Task item
In the data below, find the line containing "2nd image of 1049 E King St" and the line containing "Trzypunktowa lampa sufitowa, wpuszczana", then reproduce them and every line between, exactly. Omit pictures.

Data under study
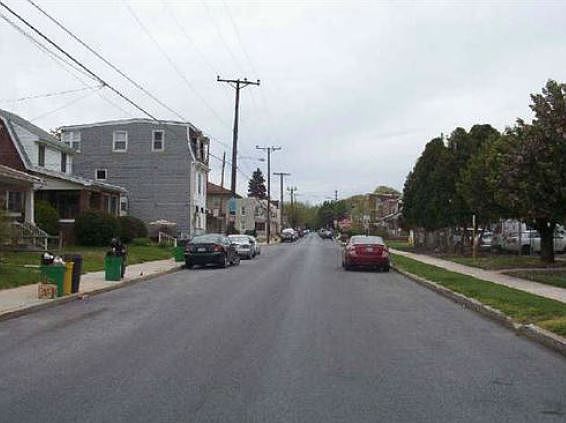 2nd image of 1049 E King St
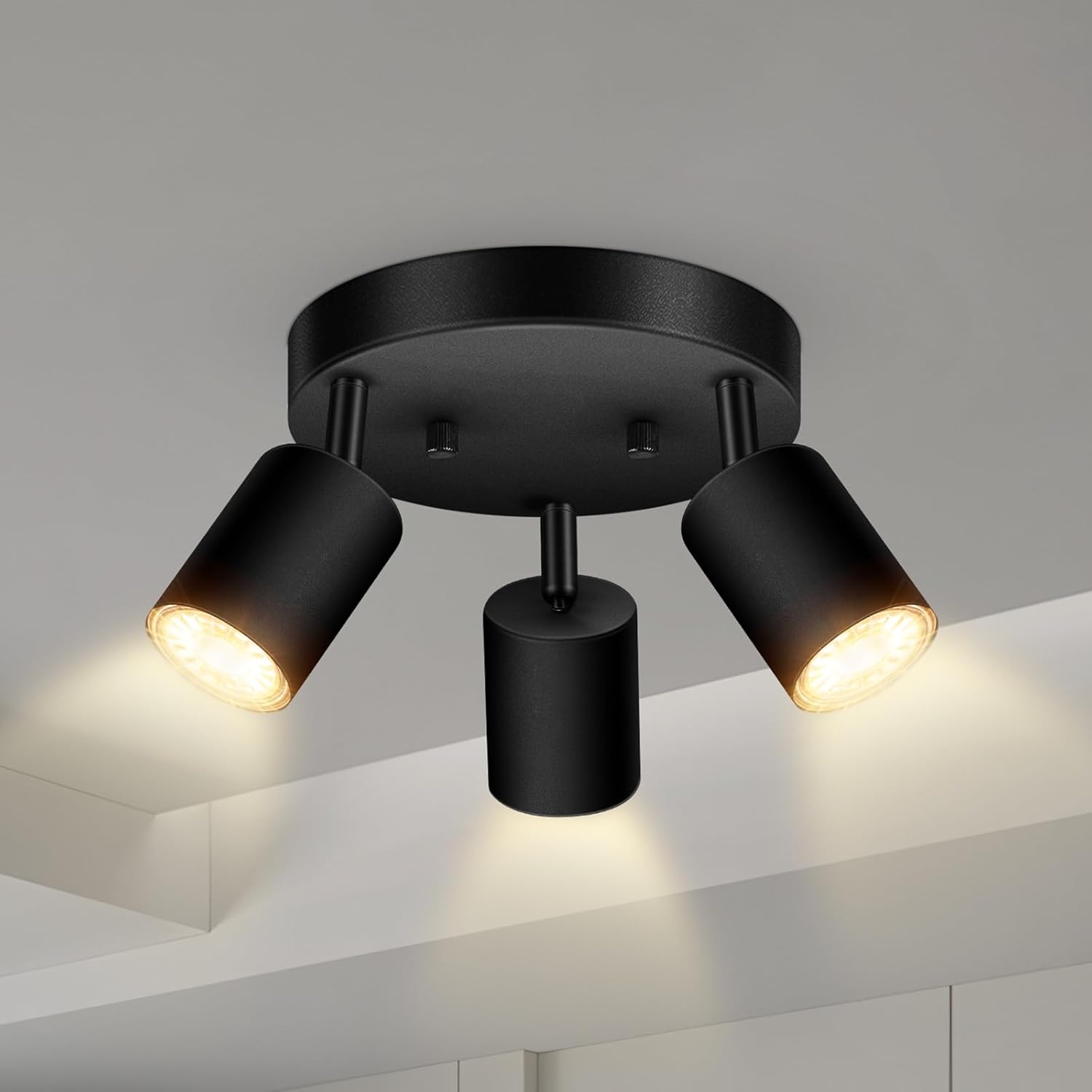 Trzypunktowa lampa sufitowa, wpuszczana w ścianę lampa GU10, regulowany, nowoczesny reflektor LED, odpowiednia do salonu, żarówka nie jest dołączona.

---

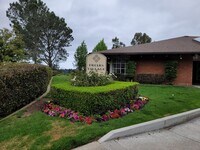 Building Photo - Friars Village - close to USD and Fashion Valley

Solution to this task
 2nd image of 1049 E King St
 Trzypunktowa lampa sufitowa, wpuszczana w ścianę lampa GU10, regulowany, nowoczesny reflektor LED, odpowiednia do salonu, żarówka nie jest dołączona.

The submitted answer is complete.